→ **Work required**:
When you find the line with "Snapshot of ginaoneon" among the records below, reproduce it and each line after it exactly, ending with the line with "29 DEXTER BOULEVARD".

→ **Data for this exercise**:
────────
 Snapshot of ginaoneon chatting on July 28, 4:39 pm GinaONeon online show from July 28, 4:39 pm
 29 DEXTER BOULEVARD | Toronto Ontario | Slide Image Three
────────
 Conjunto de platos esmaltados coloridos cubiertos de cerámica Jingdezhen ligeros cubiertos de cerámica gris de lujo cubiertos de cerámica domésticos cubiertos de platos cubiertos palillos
────────
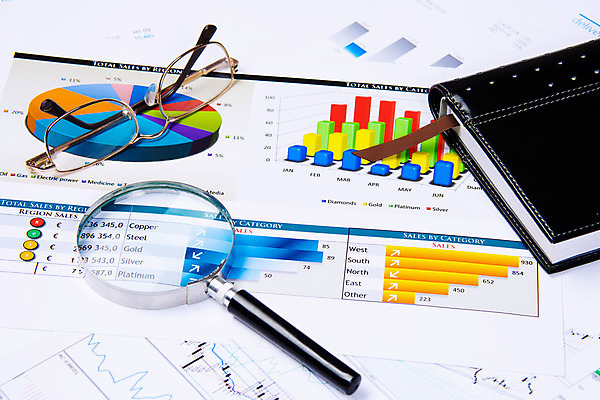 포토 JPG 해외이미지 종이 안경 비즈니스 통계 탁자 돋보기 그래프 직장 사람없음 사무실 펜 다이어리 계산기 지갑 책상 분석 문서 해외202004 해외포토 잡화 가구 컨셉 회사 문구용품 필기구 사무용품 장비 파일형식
────────
→ **Reply to the exercise**:
 Snapshot of ginaoneon chatting on July 28, 4:39 pm GinaONeon online show from July 28, 4:39 pm
 29 DEXTER BOULEVARD | Toronto Ontario | Slide Image Three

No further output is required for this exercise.